Numerical simulation of turbulent flows based on RANS with intermediate boundary conditions
Responsible: I.V.Egorov, A.V.Novikov, P.V.Chuvahov
Scientific interest of DAFE (Department of aerodynamics and flight engineering) team that is managed by professor Ivan V. Egorov splits into two closely coupled fields in the network of Flowmodellium laboratory of Moscow Institute of Physics and Technology (State University, MIPT). First of all the team is involved in turbulent flows modeling based on numerical solution of Reynolds Avaraged Navier – Stokes equations (RANS). Secondly, the team test a new concept of intermediate boundary conditions on the base of RANS modeling, which make it possible to considerably simplify calculating process.
It’s common knowledge that near-wall turbulent flows arise in a great deal of applications concerning viscous gas flows. In order to investigate those flows one can make use of both experimental and theoretical ways which enable to obtain liquid and gas flow regularities and, in particular, heat flux pattern. Unfortunately, there aquires rather small amount of information in aerodynamic experiment. That is why necessary for the profound understanding and realizing of a phenomenon under consideration is the calculating accompaniment to an experiment.
The most known approach is solving RANS. Here the mean values of calculated parameters are realized while fluctuations influence is taken into account by closing RANS equations with semiempirical turbulence closure. The models based on the concept of Reynolds averaging are widely used in applications. This approach possesses a number of advantages. It’s important to note the ability to catch phenomena physical points among them.
Egorov’s scientific group use their own software having developed previously and met the collaborate verification, that is for solving both full Navier – Stokes and RANS equations with (q – ω) closure by Coakley T.J. A great variety of problems have been studied so far by using this software, which are from simple fundamental problems (e.g. flow over a flat plate, a cone, ets.) up to sophisticated applications (e.g. numerical investigations of models in wind tunnels, movement of rockets and re-entry space vehicles, ets.). However concerning all those problems numerically one has to deal with very thin near-wall regions, which affect the outer flow to a considerable degree. This circumstance imposes dramatic restrictions on spatial and temporal resolution of numerical problems and often drastically impedes to gain the solution.
It’s well known that turbulent Reynolds number Ret in near wall region is so low that turbulent effects turn out to be small compared with viscous effects. One of the most widespread ways to simplify turbulent near wall flow modeling is related with the use of so called wall functions. Firstly, this approach considerably reduces computing requirements owing to near-wall region resolution being coarser, which results in reducing the stiffness of the differential equations set. Secondly, wall function treatment is based on some empirical data, what let one take into account various flow aspects (e.g. roughness of the streamed surface). Nevertheless semiempirical formulation conceals different shortcomings because of the absence of universality in wall function concept.

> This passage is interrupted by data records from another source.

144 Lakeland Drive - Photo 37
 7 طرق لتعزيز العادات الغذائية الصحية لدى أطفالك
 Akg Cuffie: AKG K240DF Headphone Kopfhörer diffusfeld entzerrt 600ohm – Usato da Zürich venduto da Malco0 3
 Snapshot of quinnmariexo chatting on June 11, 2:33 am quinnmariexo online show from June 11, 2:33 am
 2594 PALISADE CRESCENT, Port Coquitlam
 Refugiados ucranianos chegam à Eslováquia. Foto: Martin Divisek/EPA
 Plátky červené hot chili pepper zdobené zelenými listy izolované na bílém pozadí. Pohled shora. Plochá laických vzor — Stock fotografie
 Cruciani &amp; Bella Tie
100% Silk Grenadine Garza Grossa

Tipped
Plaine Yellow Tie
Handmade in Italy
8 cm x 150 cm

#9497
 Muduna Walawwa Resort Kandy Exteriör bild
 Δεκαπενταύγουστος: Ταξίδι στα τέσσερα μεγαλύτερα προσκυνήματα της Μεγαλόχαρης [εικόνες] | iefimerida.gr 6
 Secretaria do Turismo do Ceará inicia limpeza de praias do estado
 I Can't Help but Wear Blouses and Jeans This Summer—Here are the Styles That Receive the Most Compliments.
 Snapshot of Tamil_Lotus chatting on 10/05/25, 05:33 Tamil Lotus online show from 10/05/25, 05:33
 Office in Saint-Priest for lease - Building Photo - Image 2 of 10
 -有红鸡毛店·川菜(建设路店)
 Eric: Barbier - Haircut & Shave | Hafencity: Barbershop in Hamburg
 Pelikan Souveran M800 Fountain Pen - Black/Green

However there exist models which are free from restrictions mentioned – Robin type near wall boundary conditions.
Rather effective is a method based on the computational domain decomposition into near-wall (inner) and outer subregions. On the base of the Calderon-Ryaben’kii potential theory it is possible to consider the near-wall problem independently on the outer one. The influence of the inner problem can exactly be represented by a pseudo-differential equation formulated on the intermediate boundary. In a 1D case, it leads to the wall function represented by Robin boundary condition, which can be determined either analytically or numerically. It is important that the wall functions (or boundary conditions) are mesh independent and can be implemented in a separate routine. Thus, the original problem can only be solved in the outer domain with some specific nonlocal boundary conditions called nonlocal wall functions.